L'alléluia chanté par le peuple des fidèles, aussi universel
soit-il, ne trouvera sa floraison et sa plénitude qu'aux jours du Retour,
lorsque l'Ange voyant l'Histoire se replier tel un rouleau, dira: «
le temps n'est plus ». Il n'y aura plus d'yeux pour verser des larmes,
l'Innocence sera le partage sans fin des Elus.
Dans cette attente, notre tâche première
et urgente est d'Evangéliser. Non prêcher un nouvel Evangile,
soumis à la loi du temps, mais trouver la manière nouvelle qui
correspond à l'attente de nos contemporains de recevoir cette Bonne
Nouvelle. Comme je l'ai évoqué ici récemment il ne faut
pas négliger de respecter les règles élémentaires
que nous enseigne une saine psychologie. Il est nécessaire de bien
connaître les courants de la pensée ou de l'action dominant la
société qui va de plus en plus vite vers sa mondialisation.
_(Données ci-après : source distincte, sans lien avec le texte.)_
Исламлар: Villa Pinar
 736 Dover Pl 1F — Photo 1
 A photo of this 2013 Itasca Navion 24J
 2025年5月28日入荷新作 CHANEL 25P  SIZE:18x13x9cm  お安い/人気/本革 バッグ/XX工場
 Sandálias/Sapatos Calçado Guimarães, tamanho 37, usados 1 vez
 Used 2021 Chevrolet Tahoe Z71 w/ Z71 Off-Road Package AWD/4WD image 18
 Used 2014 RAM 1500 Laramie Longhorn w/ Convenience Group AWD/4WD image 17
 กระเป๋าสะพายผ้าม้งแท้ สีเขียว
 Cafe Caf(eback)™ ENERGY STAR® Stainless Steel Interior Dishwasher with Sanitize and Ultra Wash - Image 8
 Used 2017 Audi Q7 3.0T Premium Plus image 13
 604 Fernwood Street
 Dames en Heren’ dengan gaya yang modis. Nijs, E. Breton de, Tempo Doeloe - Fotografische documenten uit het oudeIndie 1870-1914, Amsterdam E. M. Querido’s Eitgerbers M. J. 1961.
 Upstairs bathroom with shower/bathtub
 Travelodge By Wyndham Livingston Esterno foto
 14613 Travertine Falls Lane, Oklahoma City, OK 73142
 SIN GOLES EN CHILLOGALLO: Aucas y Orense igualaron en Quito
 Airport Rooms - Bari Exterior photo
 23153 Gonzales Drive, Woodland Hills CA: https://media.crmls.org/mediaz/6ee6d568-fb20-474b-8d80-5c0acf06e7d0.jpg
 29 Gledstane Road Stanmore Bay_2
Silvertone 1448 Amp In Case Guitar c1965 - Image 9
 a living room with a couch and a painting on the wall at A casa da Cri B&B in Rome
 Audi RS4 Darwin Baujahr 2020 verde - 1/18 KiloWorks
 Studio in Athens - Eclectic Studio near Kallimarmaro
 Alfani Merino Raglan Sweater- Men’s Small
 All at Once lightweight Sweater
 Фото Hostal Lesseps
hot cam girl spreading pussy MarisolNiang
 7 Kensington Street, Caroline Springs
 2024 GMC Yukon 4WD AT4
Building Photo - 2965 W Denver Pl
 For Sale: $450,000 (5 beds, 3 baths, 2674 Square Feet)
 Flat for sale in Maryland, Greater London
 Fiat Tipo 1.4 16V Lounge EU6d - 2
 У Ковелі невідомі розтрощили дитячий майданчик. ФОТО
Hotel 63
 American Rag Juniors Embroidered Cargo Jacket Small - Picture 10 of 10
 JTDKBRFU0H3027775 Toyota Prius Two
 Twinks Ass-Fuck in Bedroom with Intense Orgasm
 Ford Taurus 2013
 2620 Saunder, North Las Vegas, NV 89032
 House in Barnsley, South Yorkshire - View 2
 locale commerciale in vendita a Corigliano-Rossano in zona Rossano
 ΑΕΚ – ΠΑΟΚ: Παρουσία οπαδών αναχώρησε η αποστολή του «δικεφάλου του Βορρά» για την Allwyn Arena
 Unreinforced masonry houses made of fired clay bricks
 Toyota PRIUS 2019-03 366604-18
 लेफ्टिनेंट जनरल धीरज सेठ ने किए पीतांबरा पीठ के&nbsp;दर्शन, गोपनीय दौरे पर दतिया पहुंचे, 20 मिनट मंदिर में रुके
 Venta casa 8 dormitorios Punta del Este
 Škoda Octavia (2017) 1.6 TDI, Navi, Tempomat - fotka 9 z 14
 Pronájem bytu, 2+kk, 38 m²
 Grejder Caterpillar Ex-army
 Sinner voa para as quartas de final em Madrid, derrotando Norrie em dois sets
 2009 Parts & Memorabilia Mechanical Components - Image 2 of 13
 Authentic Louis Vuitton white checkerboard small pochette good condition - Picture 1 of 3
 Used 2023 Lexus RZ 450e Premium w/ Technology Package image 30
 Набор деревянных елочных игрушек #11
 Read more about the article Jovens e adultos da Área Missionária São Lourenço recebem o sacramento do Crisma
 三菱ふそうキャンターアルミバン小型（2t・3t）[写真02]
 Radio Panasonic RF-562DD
Cela bien admis - et surtout bien appliqué - n'oublions pas ce qui
reste premier: le Témoignage par l'exemple et la Parole. Le Maître
nous l'a dit, il nous a assurés de son assistance. Lorsque nous témoignons,
n'ayons pas comme soucis premiers les circonstances ou l'actualité,
soyons simples comme des enfants, nous ne serons pas jugés ou estimés
sur nos échecs ou nos réussites supposés, mais sur le
fait que nous aurons parlé ou non. Elle est puissante la Parole de
Dieu, efficace quand on parle comme on croit et comme on aime. Ce n'est pas
notre culture ou notre habileté qui agit mais Sa Parole. Rappelons-nous,
au jour des Rameaux, lorsque les disciples eurent hissé Jésus
sur l'âne, le peuple en liesse jetait ses vêtements sous ses sabots,
et les disciples chantaient les prodiges dont ils avaient été
témoins: « Béni soit Celui qui vient, lui, notre Roi,
au nom du Seigneur ». Alors, quelques pharisiens qui se trouvaient
dans la foule dirent à Jésus: « Maître, arrête
tes disciples ». Mais il leur répondit: « Je vous
le dis: S'ils se taisent, les pierres crieront » (Luc 19-28.40)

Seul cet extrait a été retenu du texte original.